S.K. : Oui. Nous n’avons pas le moindre doute que la population adhère à ce vaccin et cette adhésion passera nécessairement aussi par l’intensification de la sensibilisation et nous comptons énormément sur les médias afin qu’ils prennent l’entièreté de leur part dans cette sensibilisation. Cela permettra certainement à nos populations de comprendre et d’adhérer davantage à cette vaccination, qui, je le répète, viendra véritablement donner un coup de fouet à la marche vers l’élimination.

S : L’année dernière, le ministère de la Santé et de l’Hygiène publique a distribué, à travers le Secrétariat permanent pour l’élimination du paludisme, des millions de moustiquaires à la population. Malheureusement, ces moustiquaires se retrouvent un peu dans les sites de jardinage….L’usage est un peu détourné pour d’autres choses. Qu’est-ce que vous en pensez?

S.K. : C’est vrai qu’au début, lorsqu’on distribuait les Moustiquaires imprégnées d’insecticides à longue durée d’action(MILDA), nous avions donc le taux d’utilisation qui était assez faible. Mais grâce justement à la sensibilisation, à l’amélioration de la communication de proximité, on se rend compte que ce taux s’améliore au fur et à mesure. Nous nous sommes également penchés sur la question de l’utilisation détournée des MILDA. Heureusement, dans la majorité des cas, les moustiquaires qui sont utilisées pour le jardinage ou tout autre détournement de l’usage initial sont des moustiquaires déjà usagées. Lorsqu’on remet les moustiquaires imprégnées, on ne retire pas pour autant les anciennes moustiquaires.
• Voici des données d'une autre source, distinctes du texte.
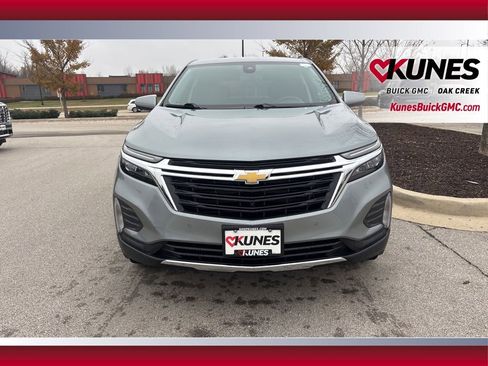 Used 2024 Chevrolet Equinox LT image 3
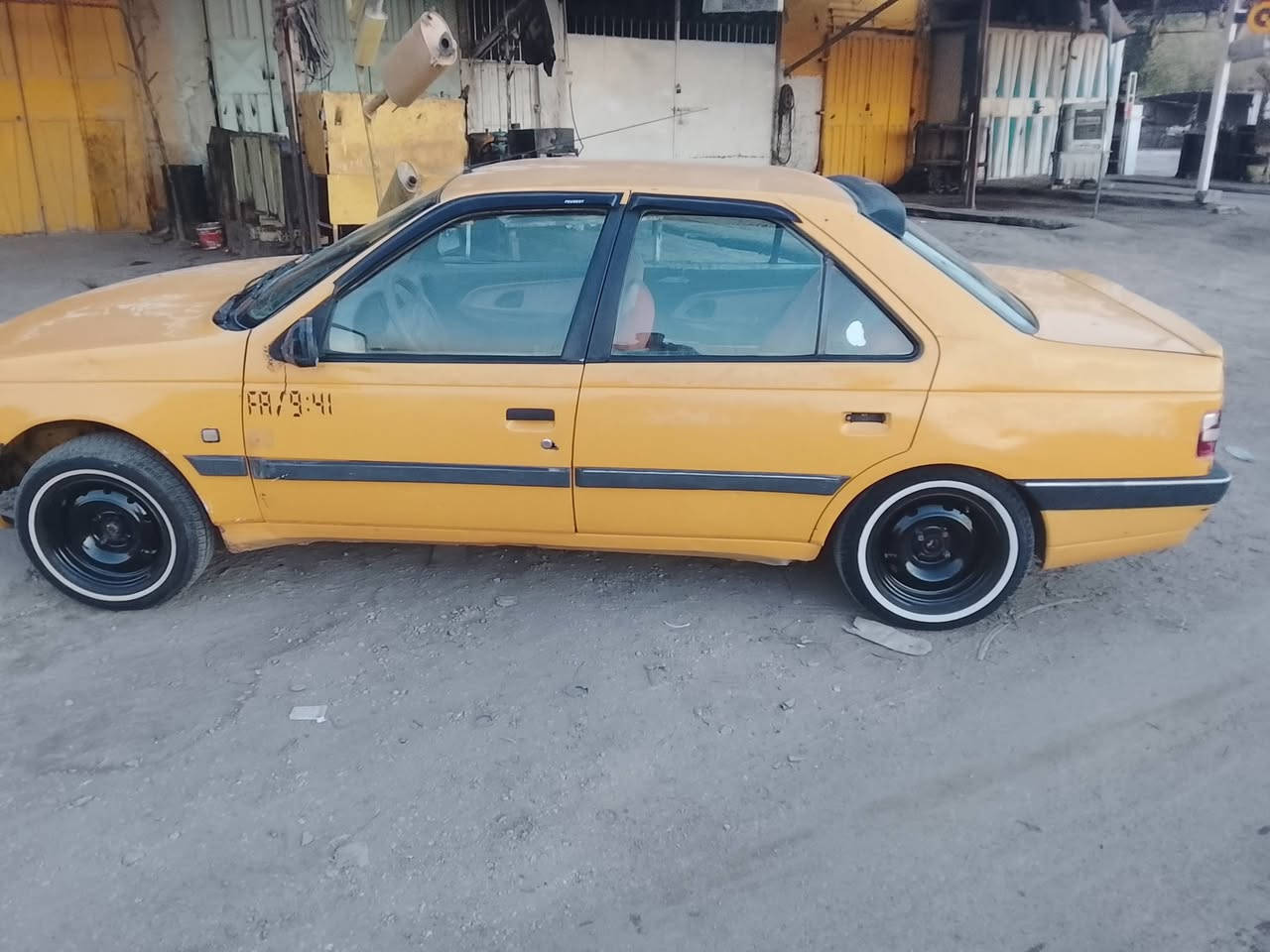 سلام عليكم بيجو 405 جيلكس موديل 12 مكفولة من الضربه وتبديل وصبخ محرك وكير وحداديه وتخم تاير وشواصي شرط كفاله تبريد شغال رقم نكليزي سنويه الل 2031 مصفره هيه وغرامات  تحويل مباشر مكان كربلاء سعره 23 وبيه مجال قليل ***********.   تصال واتساب نفس رقم
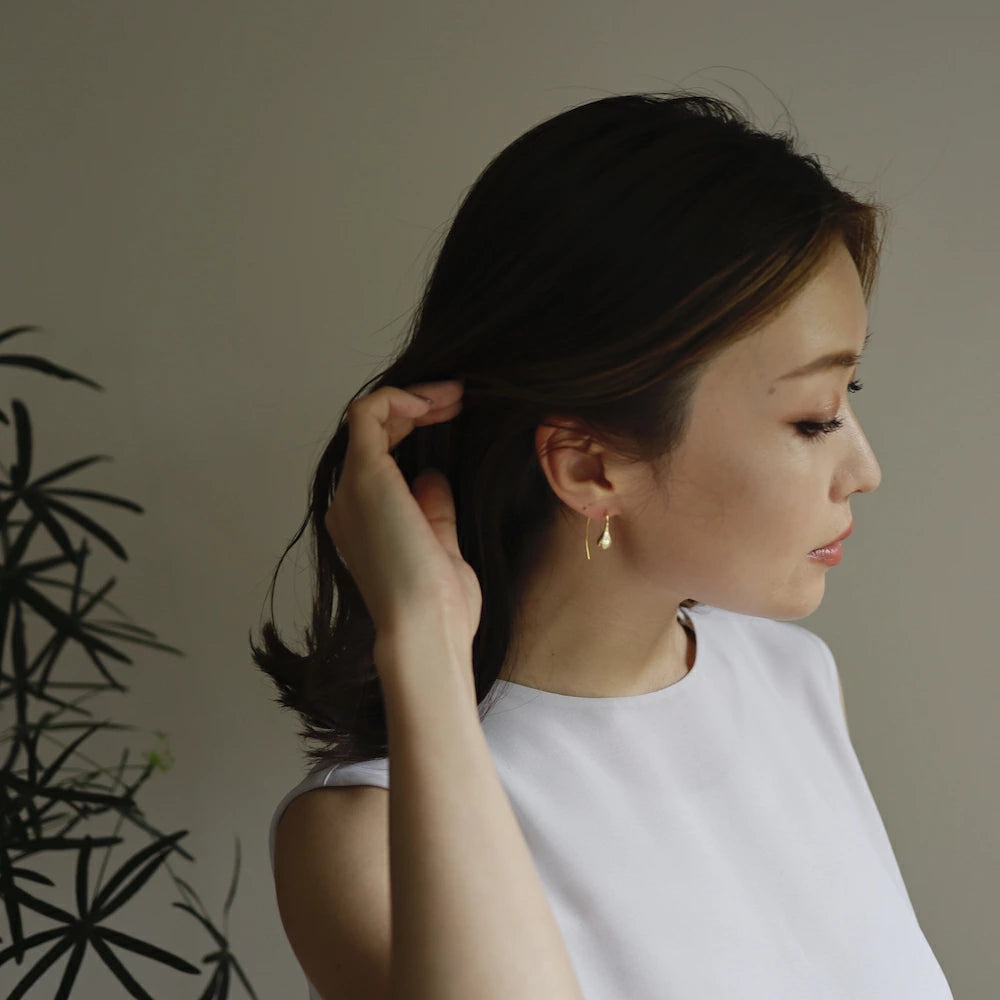 P247 silver925 matte flower hook pierce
Il faut noter également que nous sommes à notre 5e campagne nationale de distribution universelle de moustiquaires imprégnées d’insecticide à longue durée d’action (MILDA), il va s’en dire qu’il y a une importante quantité de moustiquaires usagées dans les communautés. Et justement, nous voulons donc saisir cette opportunité pour lancer un appel à la population pour l’utilisation. Ce qui nous revient surtout, c’est que certaines personnes prennent la moustiquaire et la gardent jalousement comme s’il s’agissait d’un bien familial. Donc, il est important que les gens comprennent que dormir sous une moustiquaire protège contre le paludisme et contre toute autre maladie qui pourrait être transmise par un vecteur. Cela nous permet aussi d’avoir une nuit paisible. Dormons sous des moustiquaires imprégnées et cela améliorera vraiment la qualité de notre sommeil !

Dormir sous la MILDA permet de lutter contre le paludisme.
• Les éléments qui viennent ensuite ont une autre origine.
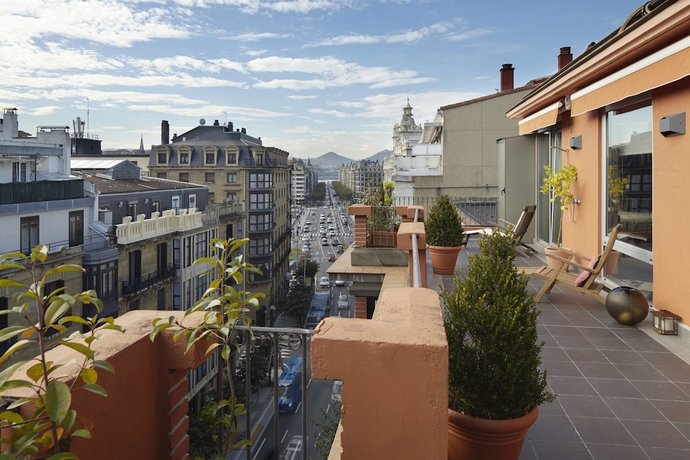 Gaindegi Apartment by FeelFree Rentals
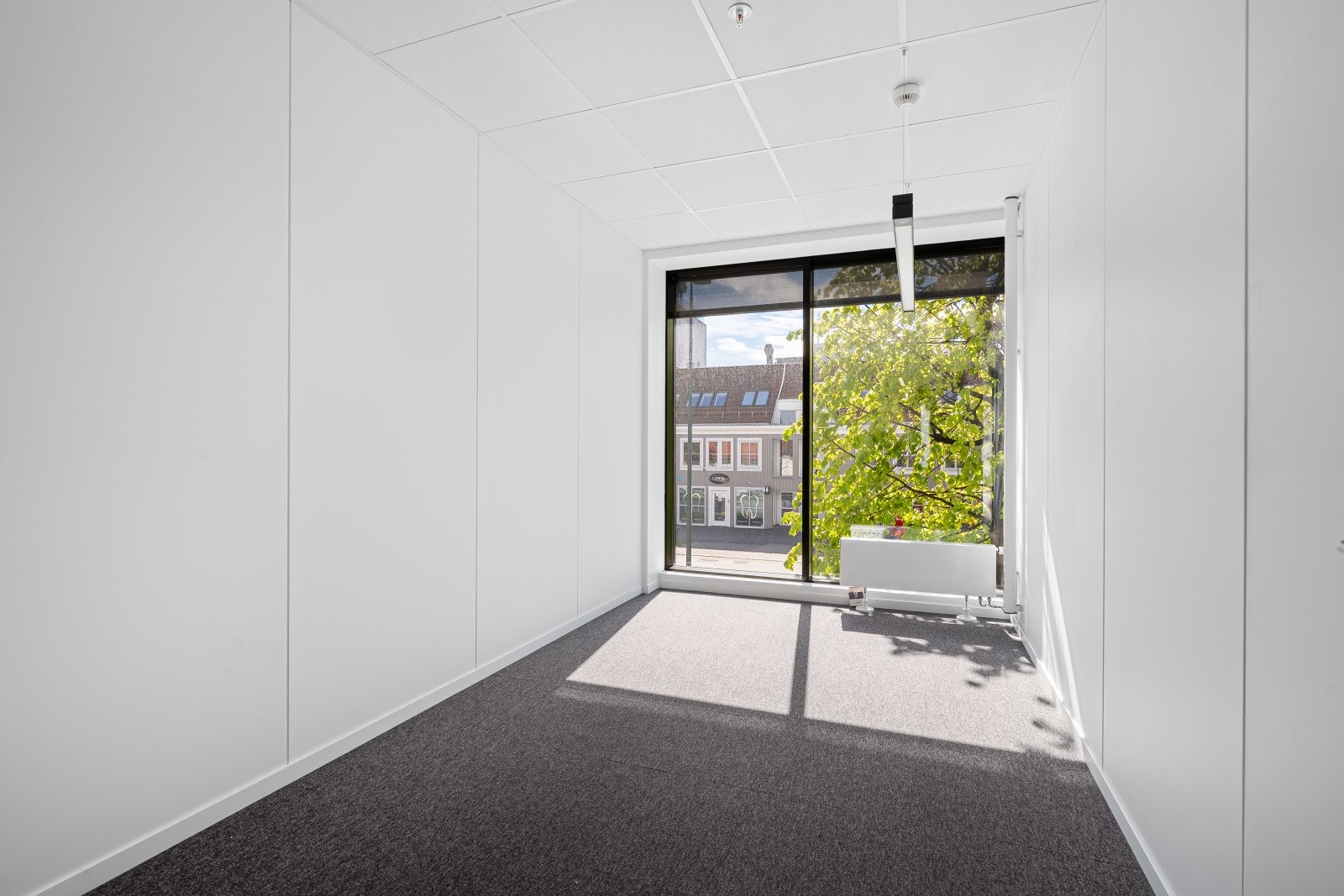 Enkeltkontor mot Festningsgata Galleribilde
S : 4 000 morts en 2022 dus au paludisme. Quel conseil ou quel appel avez-vous à lancer à la population pour réduire cette mortalité très élevée ?
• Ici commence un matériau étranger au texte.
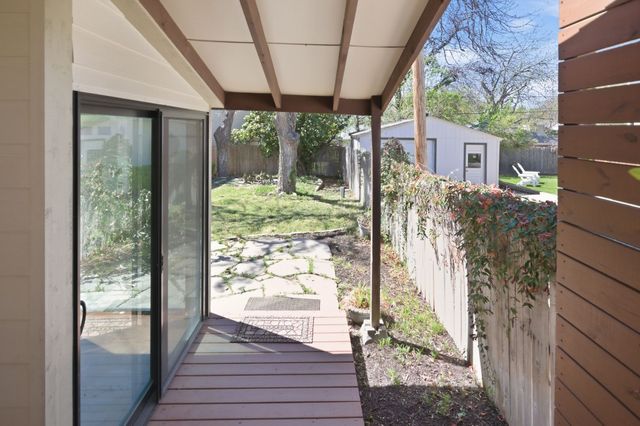 2516 Shirley Avenue, Fort Worth, TX 76109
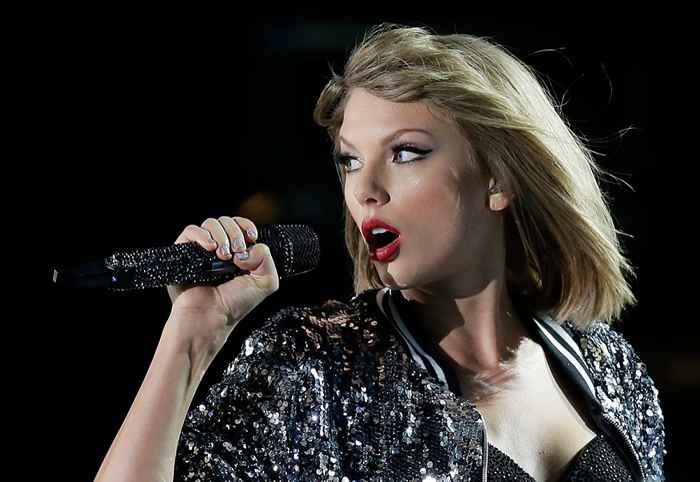 La canzone di Taylor Swift che sei, in base al tuo segno zodiacale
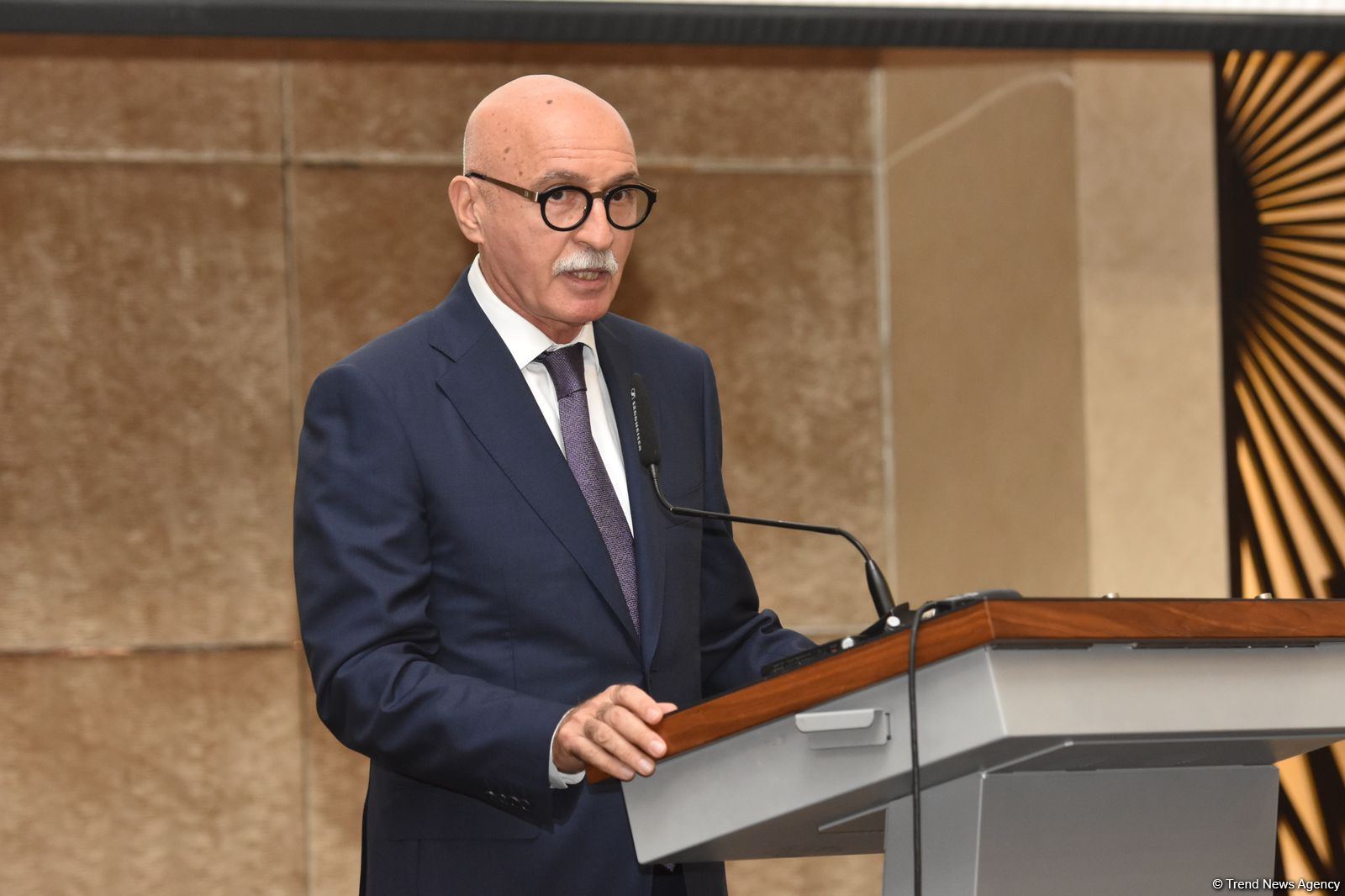 Qərbi Azərbaycanda 300 məktəbdə ana dilində tədris aparılıb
S.K. : C’est vraiment énorme et déplorable. L’appel que nous lançons à l’endroit de la population, c’est de leur demander une fois de plus, d’accepter et de s’approprier les différentes interventions qui sont mises en œuvre par le ministère de la Santé et de l’Hygiène publique dans sa dynamique vers l’élimination du paludisme. La lutte contre cette maladie étant multisectorielle et multidimensionnelle, Il est important que l’ensemble de la population adhère et de façon massive pour l’atteinte des résultats escomptés. Nous rappelons que le paludisme est une maladie évitable et traitable. Donc ensemble nous devrons travailler de telle sorte que nos populations puissent se faire consulter le plus tôt possible, dès l’apparition des premiers signes. Qu’elles adhèrent surtout aux méthodes de prévention contre le paludisme. C’est l’occasion également pour nous de rappeler que nous sommes en pleine campagne de la Chimio-prévention du paludisme saisonnier (CPS). En rappel, la CPS consiste en l’administration gratuite de médicaments (SP+AQ) en trois prises aux enfants de 3 à 59 mois en bonne santé, pendant la saison des pluies, plus précisément au cours des mois de juin, juillet, août, septembre et octobre, période de forte transmission de cette maladie. Le passage du mois d’août aura lieu du 17 au 20 dans l’ensemble des 70 districts, et c’est vraiment une belle opportunité de lancer un appel à la mobilisation des populations autour de la CPS pour protéger nos enfants de 03 à 59 mois contre le paludisme. En plus de la CPS, du vaccin et des autres interventions, nous devrons dormir et faire dormir tous les membres de nos familles toutes les nuits, tous les jours et toute l’année sous Moustiquaire imprégnée d’insecticide à longue durée d’action (MILDA).